■ TASK
The lines to reproduce run from the one containing "4 bed Semi-Detached" through the final line of the entries; write them out exactly and add nothing.

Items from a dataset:
▼▼▼

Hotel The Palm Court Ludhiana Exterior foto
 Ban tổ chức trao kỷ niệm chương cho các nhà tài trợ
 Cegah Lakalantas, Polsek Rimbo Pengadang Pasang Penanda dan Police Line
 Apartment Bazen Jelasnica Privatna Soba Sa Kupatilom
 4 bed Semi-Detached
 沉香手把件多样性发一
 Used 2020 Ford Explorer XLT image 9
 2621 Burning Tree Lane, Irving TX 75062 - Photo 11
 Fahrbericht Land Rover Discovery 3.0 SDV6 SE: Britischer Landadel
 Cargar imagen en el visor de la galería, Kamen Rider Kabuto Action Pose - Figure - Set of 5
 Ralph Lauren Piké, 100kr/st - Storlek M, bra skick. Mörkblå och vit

▲▲▲

■ TASK SOLUTION
 4 bed Semi-Detached
 沉香手把件多样性发一
 Used 2020 Ford Explorer XLT image 9
 2621 Burning Tree Lane, Irving TX 75062 - Photo 11
 Fahrbericht Land Rover Discovery 3.0 SDV6 SE: Britischer Landadel
 Cargar imagen en el visor de la galería, Kamen Rider Kabuto Action Pose - Figure - Set of 5
 Ralph Lauren Piké, 100kr/st - Storlek M, bra skick. Mörkblå och vit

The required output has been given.